● EXERCISE DESCRIPTION:
An exact copy of all the lines below is required, with every image left out.

● RAW DATA:
Content starts

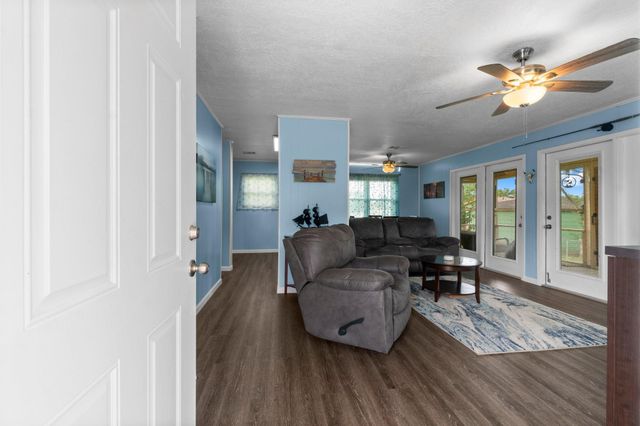 21 Clearview Street, Point Blank, TX 77364
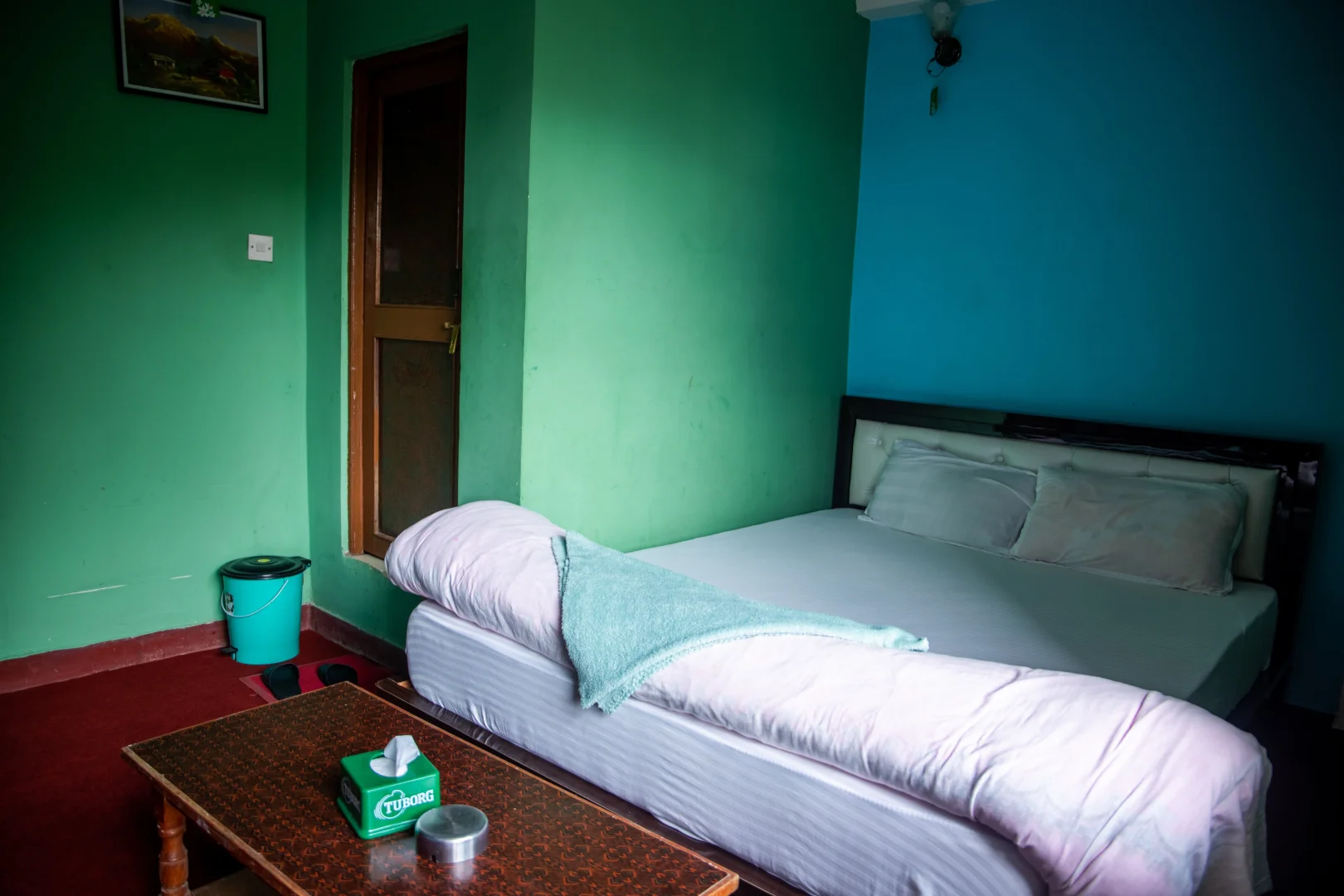 attached room per person 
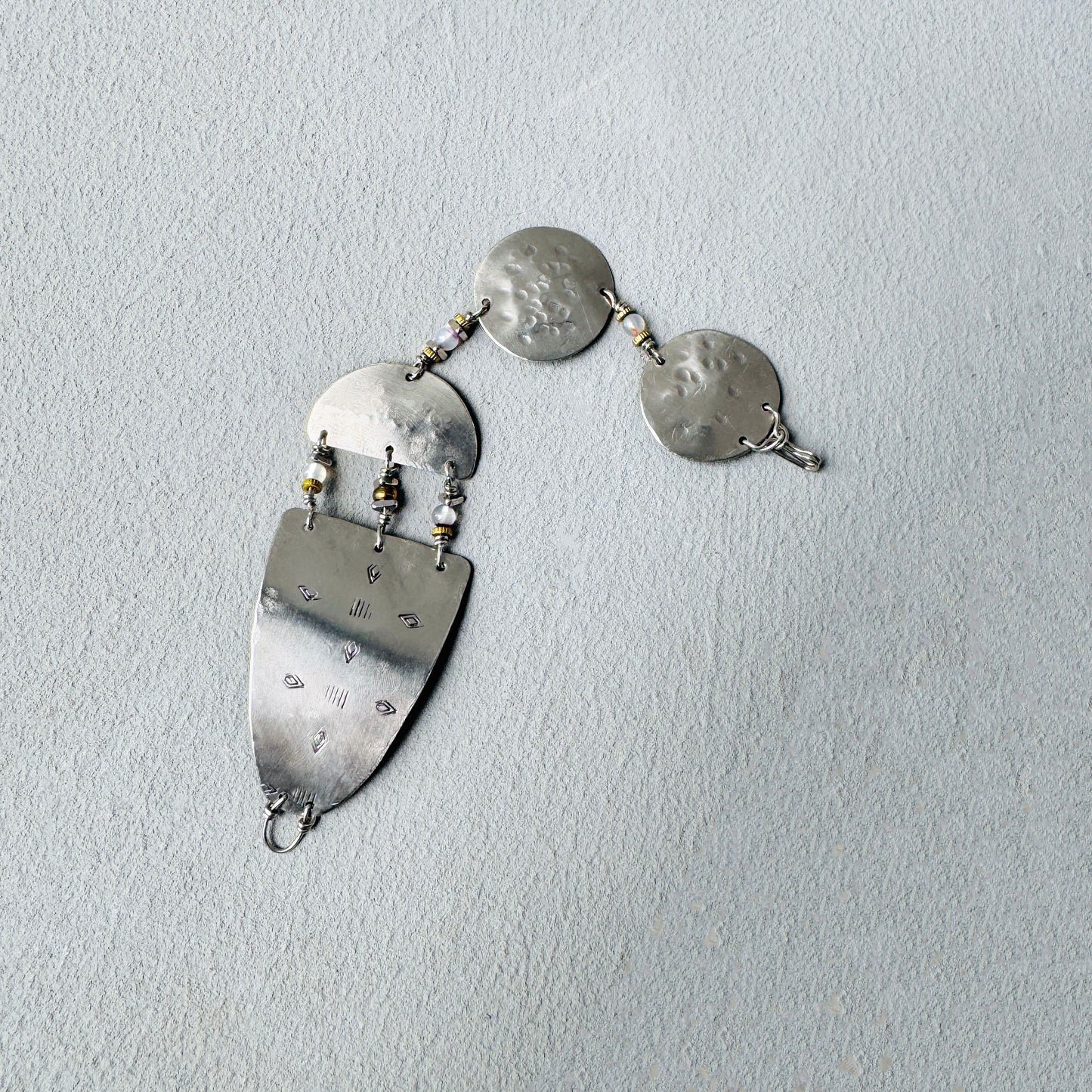 SILVER GEOMETRIC STAMPED BRACELET - end of season sale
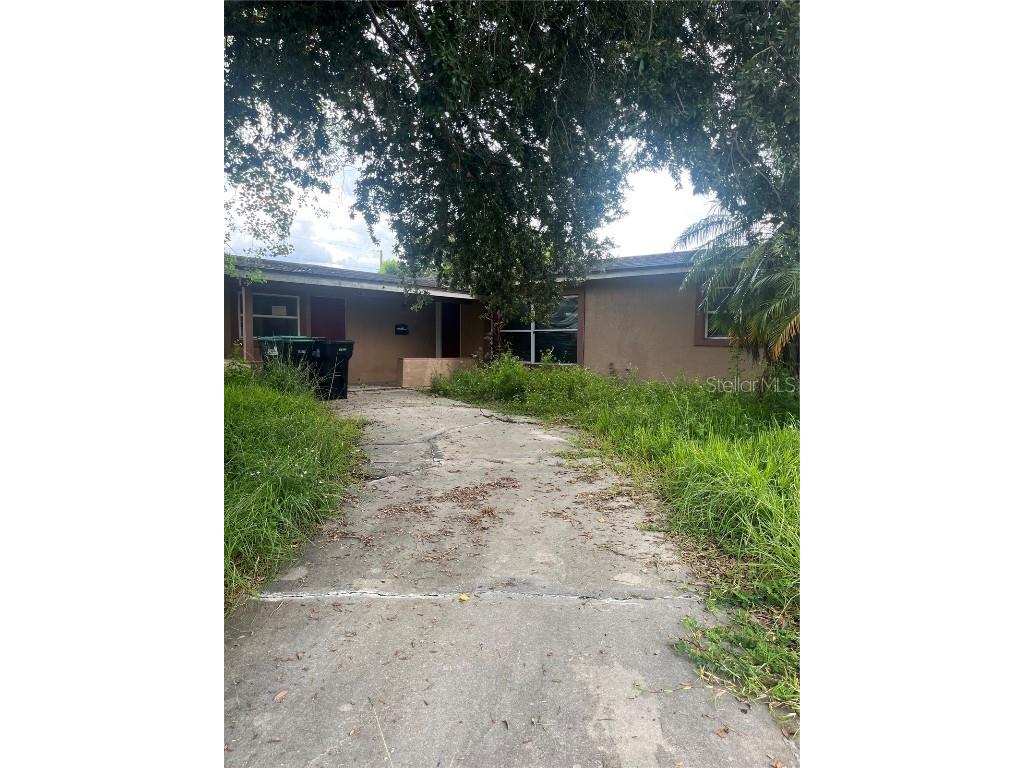 927 Sonata Lane Orlando FL 32825 A4664277 image1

Content ends

● WRITTEN RESPONSE:
 21 Clearview Street, Point Blank, TX 77364
 attached room per person 
 SILVER GEOMETRIC STAMPED BRACELET - end of season sale
 927 Sonata Lane Orlando FL 32825 A4664277 image1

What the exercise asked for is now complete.